Supplied data:
● ● ●

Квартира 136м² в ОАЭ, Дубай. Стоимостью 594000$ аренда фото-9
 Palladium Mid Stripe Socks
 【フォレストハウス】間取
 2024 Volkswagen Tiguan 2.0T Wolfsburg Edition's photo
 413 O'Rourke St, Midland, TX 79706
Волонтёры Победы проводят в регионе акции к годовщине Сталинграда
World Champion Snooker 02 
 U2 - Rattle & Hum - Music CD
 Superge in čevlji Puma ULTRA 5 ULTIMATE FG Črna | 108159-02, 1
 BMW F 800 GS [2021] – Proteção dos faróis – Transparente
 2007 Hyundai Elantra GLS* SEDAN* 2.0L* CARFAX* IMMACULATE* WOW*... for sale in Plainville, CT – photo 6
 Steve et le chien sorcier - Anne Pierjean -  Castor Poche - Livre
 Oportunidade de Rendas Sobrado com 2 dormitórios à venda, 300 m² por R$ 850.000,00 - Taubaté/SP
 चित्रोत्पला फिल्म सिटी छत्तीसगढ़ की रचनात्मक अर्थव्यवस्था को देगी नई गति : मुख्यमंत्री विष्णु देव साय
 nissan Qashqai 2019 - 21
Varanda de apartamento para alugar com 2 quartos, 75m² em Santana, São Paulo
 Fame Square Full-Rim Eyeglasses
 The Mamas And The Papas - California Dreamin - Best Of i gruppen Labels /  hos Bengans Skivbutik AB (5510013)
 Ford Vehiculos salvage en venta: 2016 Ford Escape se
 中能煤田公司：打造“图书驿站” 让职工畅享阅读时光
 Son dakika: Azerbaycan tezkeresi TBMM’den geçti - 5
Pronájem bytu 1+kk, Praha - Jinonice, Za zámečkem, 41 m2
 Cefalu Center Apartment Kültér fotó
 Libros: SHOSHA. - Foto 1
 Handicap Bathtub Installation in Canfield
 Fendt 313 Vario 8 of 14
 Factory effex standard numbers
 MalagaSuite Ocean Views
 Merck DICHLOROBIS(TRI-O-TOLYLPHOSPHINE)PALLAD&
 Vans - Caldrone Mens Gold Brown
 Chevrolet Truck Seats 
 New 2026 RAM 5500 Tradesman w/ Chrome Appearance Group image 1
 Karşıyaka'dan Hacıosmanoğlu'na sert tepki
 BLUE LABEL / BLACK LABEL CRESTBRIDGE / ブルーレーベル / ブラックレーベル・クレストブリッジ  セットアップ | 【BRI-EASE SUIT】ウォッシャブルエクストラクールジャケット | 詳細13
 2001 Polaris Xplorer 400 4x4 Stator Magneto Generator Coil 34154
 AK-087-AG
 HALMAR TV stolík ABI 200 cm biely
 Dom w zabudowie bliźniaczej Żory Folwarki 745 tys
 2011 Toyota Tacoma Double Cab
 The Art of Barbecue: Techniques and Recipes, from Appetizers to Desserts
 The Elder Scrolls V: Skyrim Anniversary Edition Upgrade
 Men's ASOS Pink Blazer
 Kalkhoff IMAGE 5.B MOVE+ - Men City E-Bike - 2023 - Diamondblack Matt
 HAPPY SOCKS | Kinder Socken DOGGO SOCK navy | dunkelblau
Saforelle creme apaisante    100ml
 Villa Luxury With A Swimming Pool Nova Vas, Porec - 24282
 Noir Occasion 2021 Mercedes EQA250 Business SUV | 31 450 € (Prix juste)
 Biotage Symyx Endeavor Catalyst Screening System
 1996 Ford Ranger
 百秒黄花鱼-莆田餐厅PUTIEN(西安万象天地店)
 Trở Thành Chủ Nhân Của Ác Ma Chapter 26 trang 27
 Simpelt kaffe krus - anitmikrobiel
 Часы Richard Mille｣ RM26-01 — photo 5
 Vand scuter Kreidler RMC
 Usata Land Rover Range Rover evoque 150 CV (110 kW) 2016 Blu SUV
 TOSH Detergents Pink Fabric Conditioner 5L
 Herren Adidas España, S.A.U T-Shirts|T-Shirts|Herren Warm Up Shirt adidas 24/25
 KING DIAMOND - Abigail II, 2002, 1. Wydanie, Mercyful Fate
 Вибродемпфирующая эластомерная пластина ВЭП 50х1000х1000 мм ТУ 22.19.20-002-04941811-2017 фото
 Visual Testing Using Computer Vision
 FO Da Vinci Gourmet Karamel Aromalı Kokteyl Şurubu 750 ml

● ● ●

Work to complete:
Take from the material above the lines running from the one with "BMW F 800 GS" through the one with "Simpelt kaffe krus - anitmikrobiel", and repeat them exactly, with nothing else.

Answer section:
 BMW F 800 GS [2021] – Proteção dos faróis – Transparente
 2007 Hyundai Elantra GLS* SEDAN* 2.0L* CARFAX* IMMACULATE* WOW*... for sale in Plainville, CT – photo 6
 Steve et le chien sorcier - Anne Pierjean -  Castor Poche - Livre
 Oportunidade de Rendas Sobrado com 2 dormitórios à venda, 300 m² por R$ 850.000,00 - Taubaté/SP
 चित्रोत्पला फिल्म सिटी छत्तीसगढ़ की रचनात्मक अर्थव्यवस्था को देगी नई गति : मुख्यमंत्री विष्णु देव साय
 nissan Qashqai 2019 - 21
Varanda de apartamento para alugar com 2 quartos, 75m² em Santana, São Paulo
 Fame Square Full-Rim Eyeglasses
 The Mamas And The Papas - California Dreamin - Best Of i gruppen Labels /  hos Bengans Skivbutik AB (5510013)
 Ford Vehiculos salvage en venta: 2016 Ford Escape se
 中能煤田公司：打造“图书驿站” 让职工畅享阅读时光
 Son dakika: Azerbaycan tezkeresi TBMM’den geçti - 5
Pronájem bytu 1+kk, Praha - Jinonice, Za zámečkem, 41 m2
 Cefalu Center Apartment Kültér fotó
 Libros: SHOSHA. - Foto 1
 Handicap Bathtub Installation in Canfield
 Fendt 313 Vario 8 of 14
 Factory effex standard numbers
 MalagaSuite Ocean Views
 Merck DICHLOROBIS(TRI-O-TOLYLPHOSPHINE)PALLAD&
 Vans - Caldrone Mens Gold Brown
 Chevrolet Truck Seats 
 New 2026 RAM 5500 Tradesman w/ Chrome Appearance Group image 1
 Karşıyaka'dan Hacıosmanoğlu'na sert tepki
 BLUE LABEL / BLACK LABEL CRESTBRIDGE / ブルーレーベル / ブラックレーベル・クレストブリッジ  セットアップ | 【BRI-EASE SUIT】ウォッシャブルエクストラクールジャケット | 詳細13
 2001 Polaris Xplorer 400 4x4 Stator Magneto Generator Coil 34154
 AK-087-AG
 HALMAR TV stolík ABI 200 cm biely
 Dom w zabudowie bliźniaczej Żory Folwarki 745 tys
 2011 Toyota Tacoma Double Cab
 The Art of Barbecue: Techniques and Recipes, from Appetizers to Desserts
 The Elder Scrolls V: Skyrim Anniversary Edition Upgrade
 Men's ASOS Pink Blazer
 Kalkhoff IMAGE 5.B MOVE+ - Men City E-Bike - 2023 - Diamondblack Matt
 HAPPY SOCKS | Kinder Socken DOGGO SOCK navy | dunkelblau
Saforelle creme apaisante    100ml
 Villa Luxury With A Swimming Pool Nova Vas, Porec - 24282
 Noir Occasion 2021 Mercedes EQA250 Business SUV | 31 450 € (Prix juste)
 Biotage Symyx Endeavor Catalyst Screening System
 1996 Ford Ranger
 百秒黄花鱼-莆田餐厅PUTIEN(西安万象天地店)
 Trở Thành Chủ Nhân Của Ác Ma Chapter 26 trang 27
 Simpelt kaffe krus - anitmikrobiel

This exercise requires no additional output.